Ethnohistorian Randall Milliken has identified at least eight distinct Ohlone communities in present-day Santa Cruz County: the Cotoni, on the North Coast; the Achiasta, in the upper San Lorenzo River basin; the Uypi, in the area around Santa Cruz; the Sayanta, in the Zayante Creek watershed; the Chalocata, on the slopes of Loma Prieta and the watershed of upper-Soquel Creek; the Aptos, in the area now given their name; the Cajastac, along Corralitos Creek; and the Calendaruc or Tiuvta, at the mouth of the Pajaro River.
The total estimated population of native peoples in the region at the time of European contact was roughly 1,500-2,000—the size of a large, contemporary high school. It was a series of extended communities living in a delicate balance with its environment.
The native people of the region sustained their lives by hunting wild game, fishing, gathering shellfish, and, as the seasons permitted, by harvesting and gathering native plants and seeds—clover, wild onion, soap plant root, grass seeds, manzanita berries, hazelnuts, blackberries, and, most importantly, acorns.
As Cabrillo College history instructor Allan Lönnberg has written, “It is fairly safe to say that the native people of Santa Cruz ate some form of acorns every day, unless the crop failed, became spoiled, or ran out in late winter or early spring.”
The racist stereotype of California natives as “digger Indians”—fueled in large part by late 19th-century and early 20th-century historians—has distorted and, indeed, minimized the richness and complexity of California native culture. One of the great mission apologists, the German-born Catholic priest Zephyrin Engelhardt, described native Californians as “among the most stupid, brutish, filthy, lazy and improvident of the aborigines of [the] Americas.”
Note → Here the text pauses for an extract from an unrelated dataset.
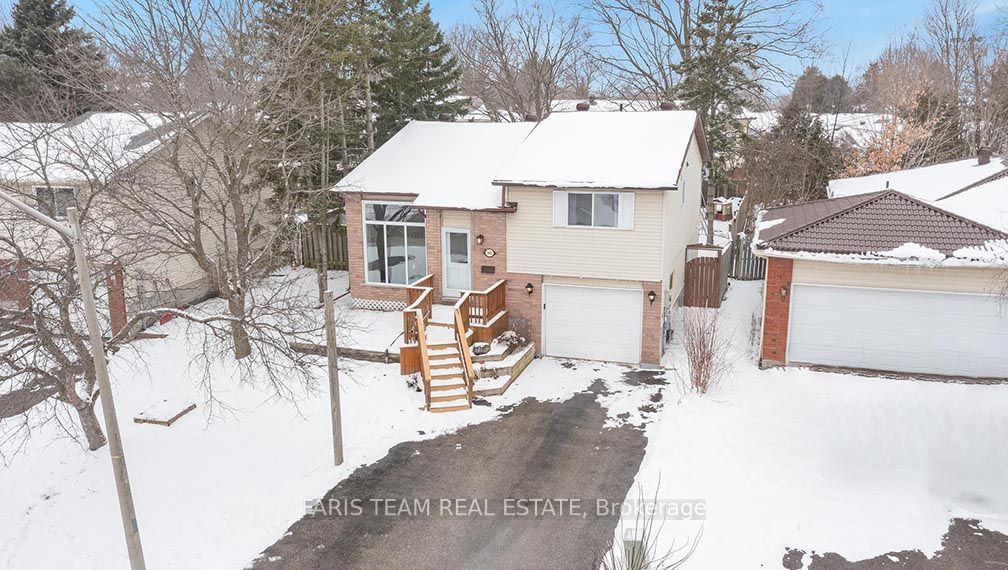 340 Otter Cres Property Photo 1
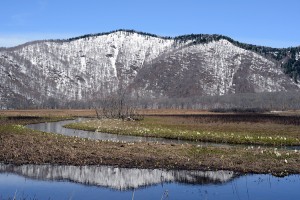  尾瀬ヶ原湖に写る山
It is one of the great lies of modern history.
By the time that California was admitted to the Union in 1850—and vast numbers of Euro-American settlers began arriving in the region—California’s native communities had been all but decimated and horribly mutilated by generations of genocidal onslaught. “Nothing in their aboriginal life,” noted former UCSC professor Edward D. Castillo, “prepared these happy and robust people for the cataclysmic nightmare triggered by the arrival of Spanish soldiers and priests.”
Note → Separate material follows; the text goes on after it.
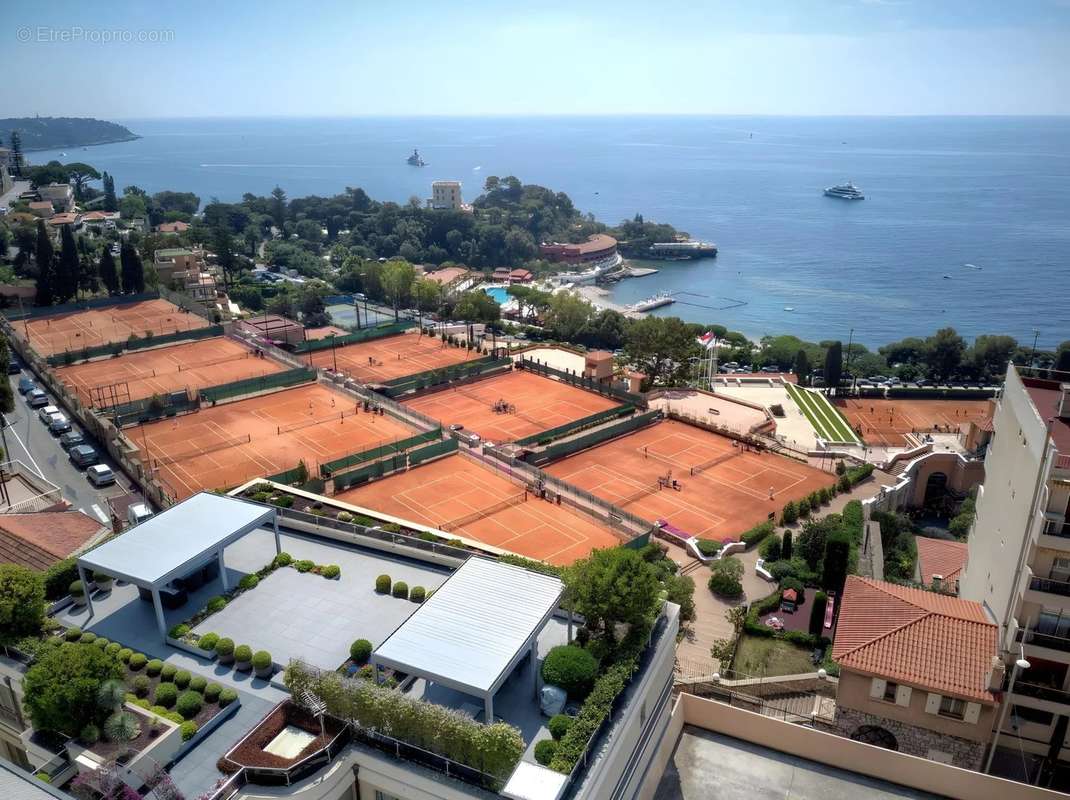 Appartement à ROQUEBRUNE-CAP-MARTIN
Earlier—and probably more accurate—images of native peoples and their communities were rendered by artists that accompanied early explorers on their journeys to California prior to the advent of the camera. While they, too, have their limitations, they provide a striking contrast to later sepia-toned photographs of native peoples—often sold as souvenirs with the title “Digger Indians” on them—that had been devastated to the point of an overriding communal depression and poverty.
The native people of the region, prior to the arrival of Spanish missionaries and colonists, lived in domed-shaped structures made with thatched tule or cattail attached to a framework of bent willow. They housed anywhere from four to twenty-four nuclear or extended family members.
It is believed that menstrual huts for women were constructed in these villages, where they were prohibited from eating certain foods and touching their bodies, while men congregated in “sweat houses” dug into earth.
As the pictorial renderings of expedition artists indicate, the native peoples of the region were colorfully attired. Men often pierced their ears and noses, wearing ornaments made of wood, bone, stone or shell. They usually wore no other clothing. The women wore tattoos and painted themselves in intricate patterns. They donned skirts made of shredded plant fibers or deerskin.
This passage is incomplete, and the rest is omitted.